Generating a random number costs gas. Chainlink VRF aims to be a self-sustainable service, so it collects a fee from the contract requesting a random number, which is supposed to pay for the gas used in generating the random number.
It is expensive to use Chainlink VRF on Ethereum mainnet. A contract is charged 2 LINK (i.e. ~$40 at current prices) in fees, on every random number request. This renders Chainlink VRF impractical to use, despite it being a reliable solution to a long standing problem of generating or using truly random values on-chain.
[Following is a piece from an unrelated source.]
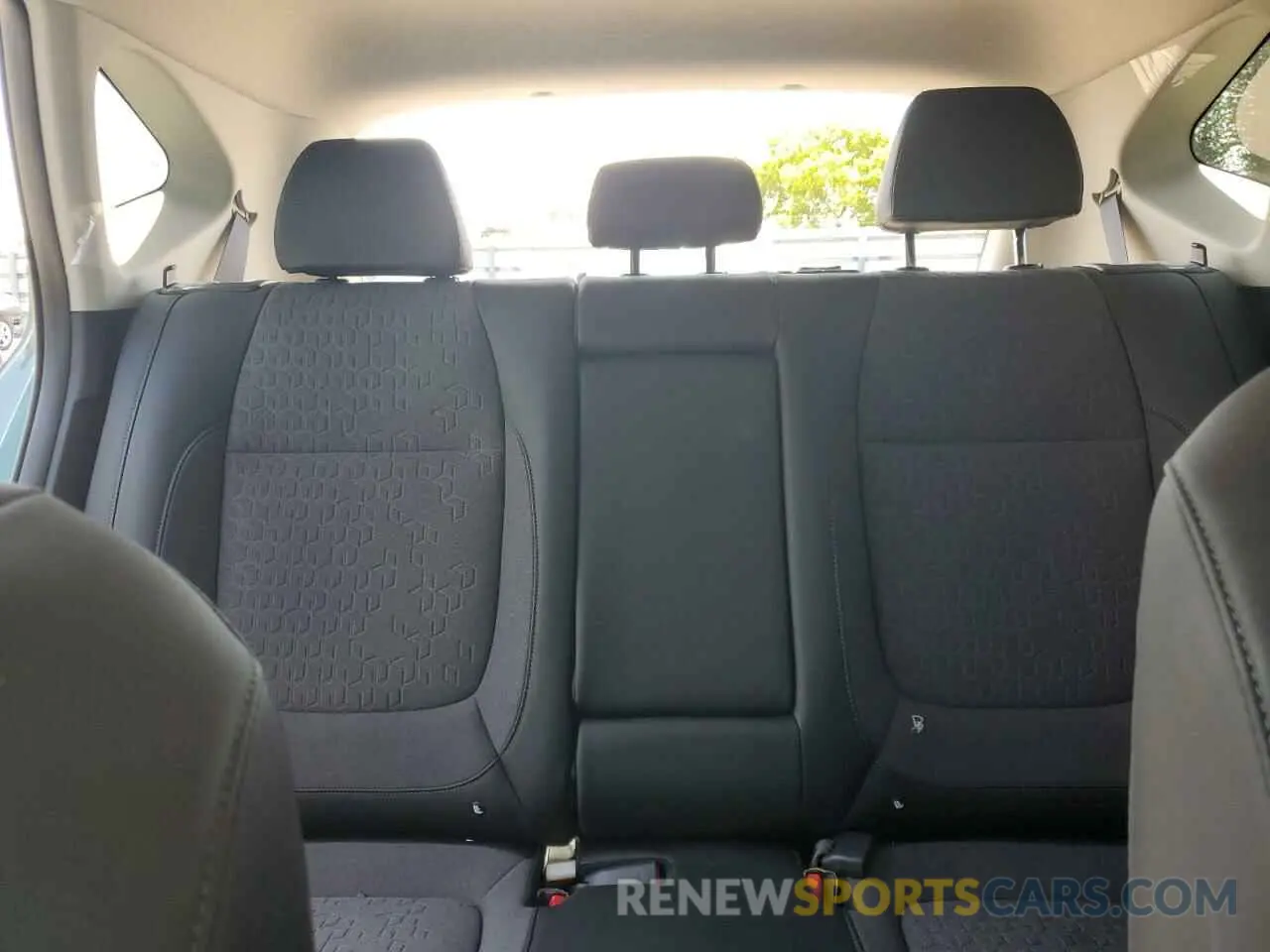 10 Фотография поврежденного автомобиля KNDEU2AA5S7700619 KIA SELTOS 2025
So here's the problem at hand — Chainlink VRF is great, but expensive to use. Why is it expensive to use? Generating a random number is estimated to take up to 2 LINK of value in gas, which is then slated as the fee to pay to use Chainlink VRF.
Here's a solution — off load the generation of the random number to a blockchain where it is inexpensive to generate the random number.
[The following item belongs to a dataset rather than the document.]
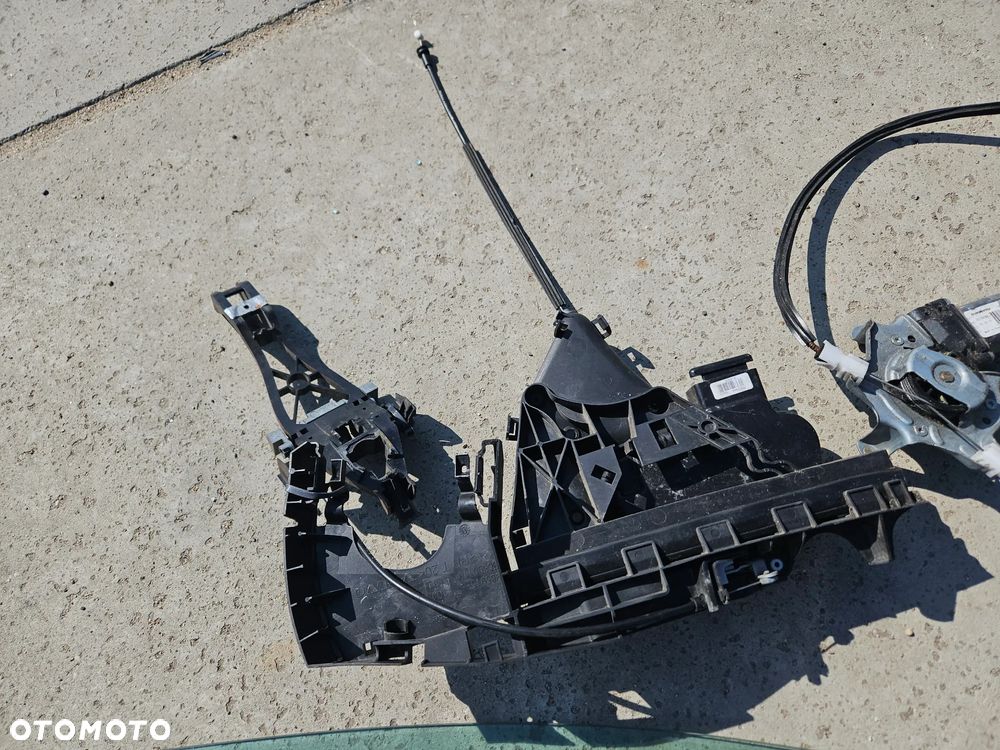 Zamek podnośnik klamka szyba drzwi prawy przedni Volvo V50 przedlift 2004r 452-46 - 2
In comes Polygon — a blockchain focused on being gas cheap. Generating a random number on Polygon is inexpensive. Chainlink VRF charges a 0.0001 LINK fee, which pays for the gas cost of generating a random number on Polygon, as opposed to the 2 LINK fee on Ethereum mainnet.
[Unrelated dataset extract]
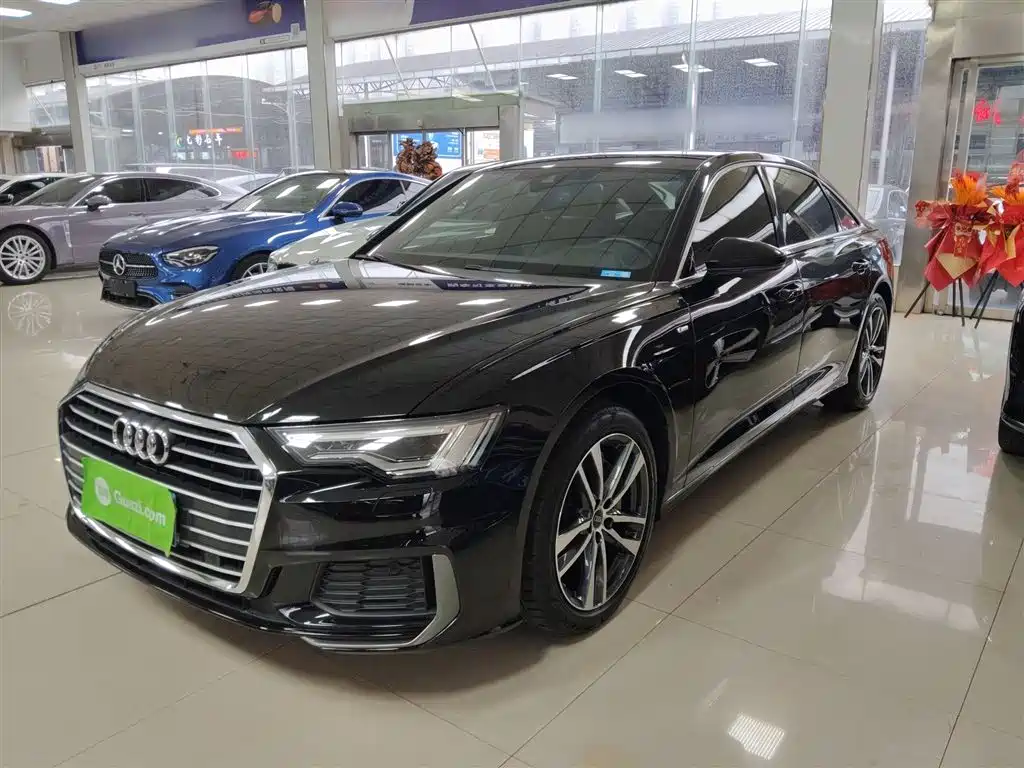 Audi A6L 2022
Here's what cross chain communication makes possible — a contract on Ethereum can request a random number from Chainlink VRF on Polygon in one transaction, and Chainlink VRF on Polygon can relay the random number generated to the requestor contract on Ethereum mainnet, in a subsequent transaction.
Does this make consuming randomness less expensive on Ethereum mainnet? Yes — it cuts the cost by more than half. Even though that's still not as dirt cheap as consuming randomness on Polygon, it's a significant drop in costs.
Of course, there are limits to how cheap these cross chain operations can be. A call to another smart contract on Ethereum costs 21,000 gas, and cross chain operations, on Ethereum's end, generally are two step processes — sending a request, and pulling back a response. This gives us a (less than) base gas cost for cross chain operations, which is 42000 gas: ~$2.5 at avg. prices.
Directionally, using feature-focused chains as modules for contracts on some other main chain, like Ethereum mainnet ,unlocks a new category of smart contracts to exist on the main chain.
In the case of Ethereum mainnet, till date, this means smart contract designs that involve heavy computation can off load computation onto gas-cheap chains.
Modules across chains instead of clones across chains
Some projects on Ethereum genuinely benefit from deploying their clones on feature focused networks. For instance, a DEX like Uniswap genuinely benefits from deploying clones on gas cheap chains like Arbitrum or Optimism.
That's because the job of Uniswap is to move fungible tokens as quickly and efficiently as possible, and leveraging cross chain communication — as it is now — like in the case of the cross chain Chainlink VRF, would perhaps only slow things down.
That said, as cross chain communication continues to improve, I wonder if we may see a single canon implementation of a major protocol spread across different chains, rather than having copies of an implementation, each living in a different chain.